Euro 2016 blindati e terrorizzati: eppure necessari

18 Novembre 2015

L’attacco fallito venerdì 13 novembre allo Stade de France, l’annullamento delle amichevoli Belgio-Spagna e Germania-Olanda, i fischi al minuto di raccoglimento prima di Turchia-Grecia. Il calcio, uno degli “sport europei” per eccellenza, a pochi mesi dall’Europeo del 2016 è finito al centro dell’attenzione per questioni extrasportive. Ma in particolare è diventato un dichiarato obiettivo del terrorismo islamico. E quest’anno la competizione continentale si giocherà proprio in Francia, in un’edizione che sarà ricordata sicuramente per l’alto tasso di militarizzazione. Inevitabilmente, dunque, lo spettacolo cederà il passo alle cronache sulla sicurezza. Le città di Bordeaux, Lens, Lille, Lione, Marsiglia, Nizza, Parigi, Saint-Denis, Saint-Etienne, Tolosa saranno sotto la lente di ingrandimento, come se fossero i baluardi contro la minaccia terroristica.

Insomma, ci sarà uno scenario nuovo con un clima non proprio gradevole. Anche perché i prossimi mesi si prevedono tesi e difficili. Ma al di là della blindatura e di una situazione sostanzialmente sconosciuta rispetto al passato, Euro 2016 è un passaggio necessario, perché può prima di tutto rappresentare un riscatto dei sistemi di prevenzione, di controllo e di sicurezza. La funzione di questa manifestazione è sociale prima che sportiva: può trasmettere la sensazione che la normalità è nuovamente possibile, che il ritorno alla quotidianità, per quanto ferita dal sangue sparso a Parigi, non è solo frutto di un racconto ottimistico. D’altra parte, per la stessa ragione Euro 2016 mette paura: gli estremisti lo attendono come un momento per continuare l’opera di propagazione del terrore, cercando di mostrare che la normalità non è la stessa di prima. Anche nel caso in cui – come spero – non ci siano morti, per le cellule jihadiste sarebbe già un risultato far cancellare le partite, far spostare i programmi. La vera missione dell’organizzazione dell’Europeo, a ogni livello, sarà quindi quella di trasmettere tranquillità.

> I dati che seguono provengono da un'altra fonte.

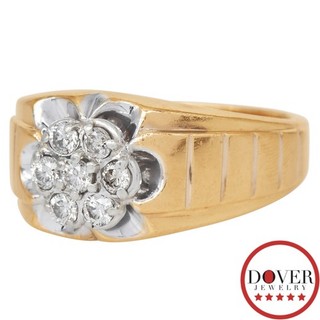 Anillo Estate con sello de racimo acanalado de diamantes de oro amarillo de 7 2 gramos sin precio base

Il motivo per cui il calcio è finito nel mirino degli islamisti ha un fondamento pragmatico, o sarebbe meglio definire spietato: chi vuole seminare panico e provocare un elevato numero di vittime punta al bersaglio grosso, ai maxi raduni. Cosa c’è di meglio di uno stadio con decine di migliaia di spettatori? Del resto il bilancio delle stragi di venerdì 13 novembre sarebbe stato molto più grave nel caso in cui uno dei kamikaze fosse riuscito a penetrare nello Stade de France.

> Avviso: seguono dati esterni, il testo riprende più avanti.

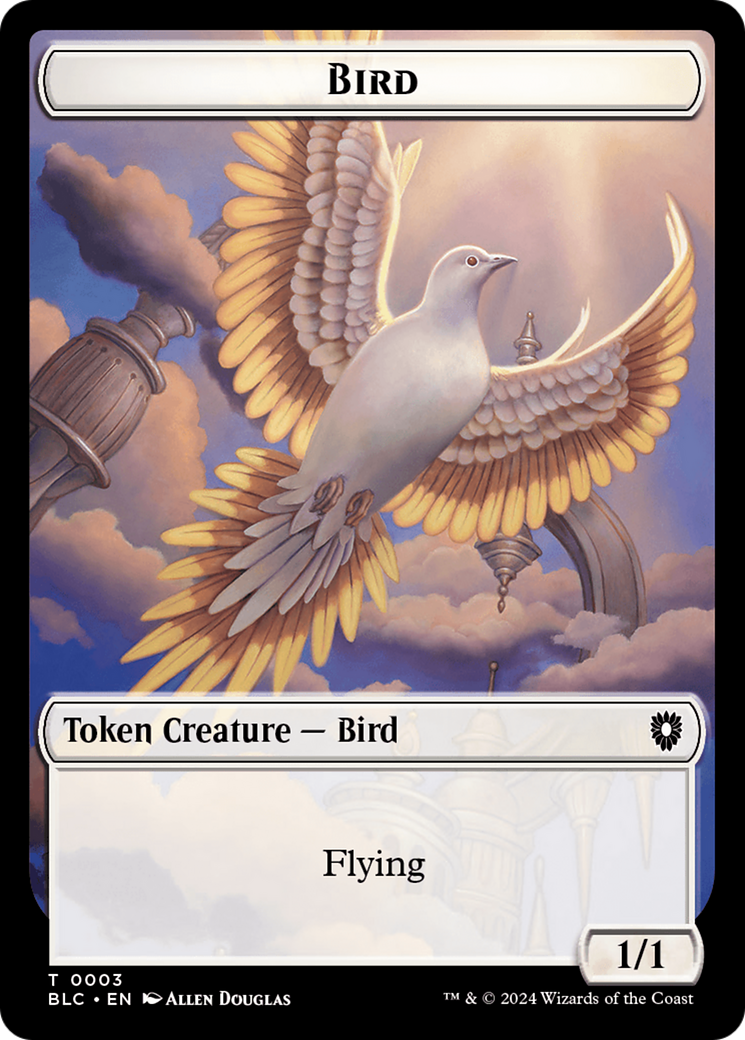 Storm Crow // Bird (003) Double-Sided Token [Bloomburrow Commander Tokens] | Fandemonia Ltd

Ma il calcio ha anche un forte valore simbolico, visto che per molti cittadini europei è il passatempo preferito, un modo per trascorrere il tempo libero. Ecco, di sicuro l’obiettivo dei jihadisti non è solo quello di “cambiare il nostro stile di vita”, in quanto colpiscono in maggioranza i musulmani come raccontano i fatti di sangue in Iraq, Yemen, Libano e tanti altri Paesi insanguinati dal fanatismo. Ma è pur vero che la declinazione del terrore in Occidente finisce per colpire i templi della nostra epoca, come gli stadi. Perciò l’Europeo del 2016, che caso vuole sia organizzato in Francia, può dare una risposta. Infondendo quel senso di sicurezza messo a dura prova nell’ultimo anno, e in particolare il 13 novembre.